Lakewood mom dies saving toddler who fell from houseboat at Lake Powell

Posted at 6:28 AM, Aug 26, 2016
and last updated 2016-08-27 01:05:10-04

HALL'S Crossing, Utah -- When her toddler fell into the water at Lake Powell, a mother jumped into the lake and saved her child, but the mother died.

The 2-year-old child fell from a moving houseboat near Hall's Crossing Tuesday afternoon, according to the San Juan County [Utah] Sheriff's Office.

Deputies said the child was not wearing a life jacket.

"The mother of the child jumped into the water and was able to grab the child," the San Juan County Sheriff's Office wrote in a report posted to social media. "A significant distance developed between the mother and child and the houseboat before the houseboat could be shut down."

Deputies said a family member untied a smaller boat being towed by the houseboat and got to the mother and child.

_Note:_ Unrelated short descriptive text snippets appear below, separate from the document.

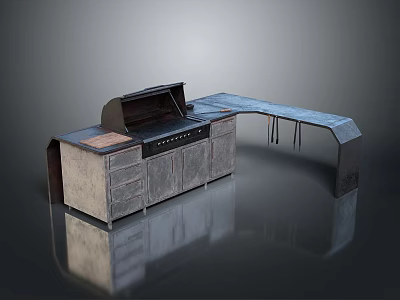 Sleek Modern Kitchen Cabinet With Grill Top Wooden Counter And Storage Drawers 3d model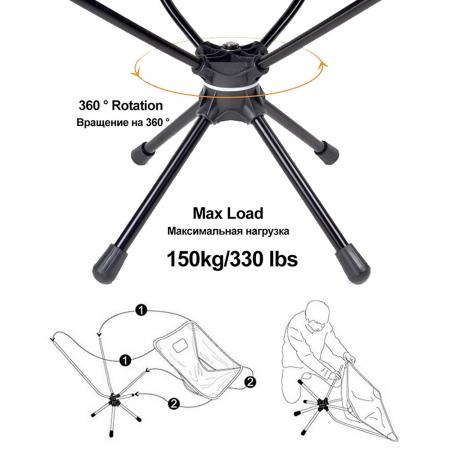 kompakt flykvalitet aluminium roterer 360 grader stol utendørs campingstol strandstol 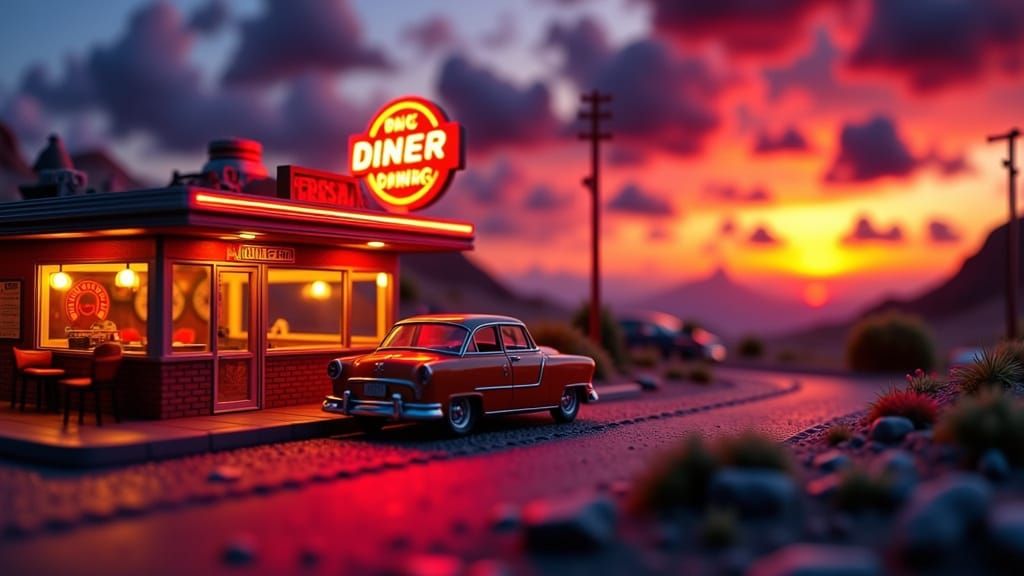 1950s Diner Diorama with Hot Rod at Sunset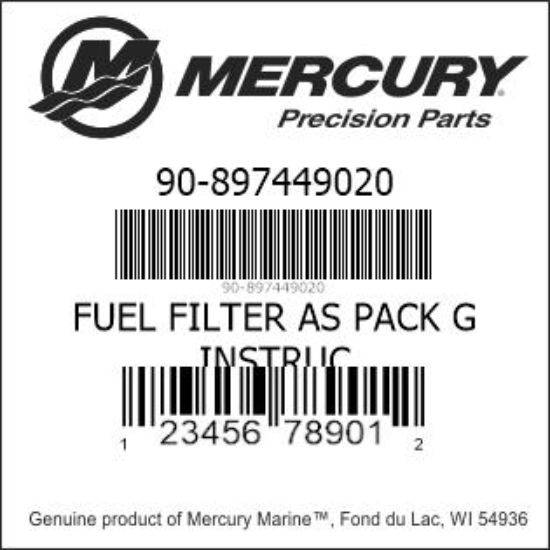 Bar codes for Mercury Marine part number 90-897449020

"The conscious child was rescued from atop the mother’s chest; however, the mother was unconscious when pulled from the water," deputies said.

She was not wearing a life jacket, deputies said.

CPR was performed on the mother for more than 30 minutes, but she died.

She has been identified as Chelsey Russell, 35, of Lakewood, Colorado.

Family and friends said her cause of death was heart failure, not drowning.

Russell was an attorney who focused on mineral title examination, business transactions and regulatory matters before the Colorado Oil and Gas Conservation Commission.

"Chelsey was an amazing mother, an exceptional legal talent, an extraordinary athlete, a loyal and generous friend, and left us all better for knowing her," the law firm of Welborn, Sullivan, Meck and Tooley posted on its website. "She is sorely missed."

Friends and colleagues say her final act showed her true spirit.

"She died saving her son," said Amy Seneshen, an managing partner at the firm "It was the epitome of selfless mom action, and I’m not surprised at all that that’s what she did."

"She loved her children so much. I'm not surprised she would be the person that would jump in and save somebody because she was just like that." said Russell’s law school professor, K.K. DuVivier of the University of Denver. "She was smiling all the time. She was just sort of a sunbeam in the law school," she said.                    

Russell was also an endurance athlete, who ran the Leadville 100 last year, and a talented attorney, according to her colleagues. 


The law firm's website said Russell was born and raised in Denver and graduated from the University of Denver. The website said Russell enjoyed running marathons, hiking, skiing and spending time with her family.